Not a lot of blue for lower prices in that chart.
I was expecting a 3000% premium reduction and a raise in pay.
What’s up with that, because I am not seeing it.
Most of these plans include a doubling of the deductible to go with the higher rates.
Massachusetts is exempt.
How could the difference between Maryland and Virginia be so drastic? It’s almost worth it to rent an apt in Md and use that address for your health insurance. But don’t use it for auto insurance...
Virginia is about to double down and go carpetbagger/crook McAuliffe for governor.
We need to go back to switching the states during elections. Why does a single decision by a single person get to decide which states are “red” and which are “blue”?

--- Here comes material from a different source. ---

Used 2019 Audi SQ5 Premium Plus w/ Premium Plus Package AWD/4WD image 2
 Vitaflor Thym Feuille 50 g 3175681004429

It’s intentional, given that historically reds are communists. Just another of the devil’s tools to confuse the next generation. Remember when conservatives were pro-monarchy and liberals wanted liberty?
Looks like we had to sell a few states to afford the exchanges...

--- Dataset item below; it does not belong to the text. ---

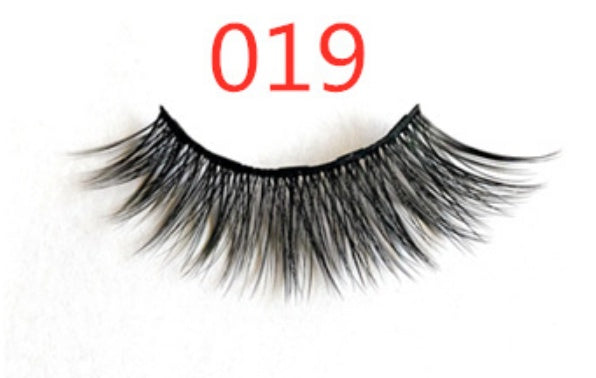 Glamorous Magnetic False Lashes | New Fashion Reusable No-Glue Eyelash Pair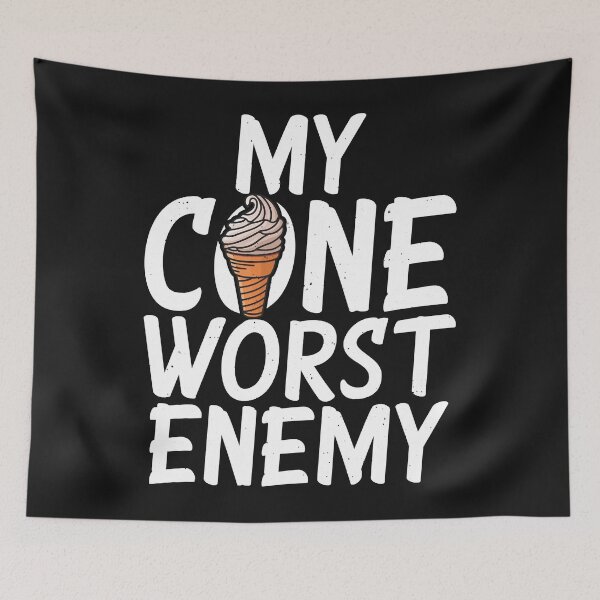 Item preview, My Cone worst Enemy designed and sold by AnthonyWilli1.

Good! That is what they voted for. Let then enjoy it.
A quick look at the chart leads me to believe that rates decline primarily in states with very high insurance premiums.
New York premiums (adult age 27) were more than 5 times that of Georgia, Kansas, & Idaho. Now, they are less than twice as much.
This is just wealth redistribution from poorer states to richer states.
Or is this insuring illegal Mexicans? The premium hikes correlate to where they’ve invaded.
I live in southwest Virginia and am very conservative. You say I deserve this? Thanks a lot. Most everyone from northern Virginia think the state ends in Roanoke anyway. Maybe that could be the cut off line and we could be added to West Virginia.
So are the “BEFORE” numbers for a comparable policy - i.e. similar coverages and deductible? I assume so, otherwise the comparison would not be that useful.
LOL most of the north east for me
The Tea Party of old was filled with REAL men who would not abide a gov stealing his livelihood and the endangering the health/welfare of his family.
Where are these men now?
I'm beginning to believe that the law is predicated on enough poor people buying heavily subsidized (at taxpayer expense) overpriced policies to offset the unhealthy costomers.
Unless you have a low enough income (or are willing to lie) to qualify for enough of a subsidy to make purchasing an overpriced policy on the exchange, you'd be better off buying a market-priced individual policy directly from an insurance company.
In the Pacific.
That said, they may be not on the list because they have no exchange yet and don’t expect to for a few more weeks?
The law is predicated on enough healthy young people to subsidize the relatively rich senior citizens.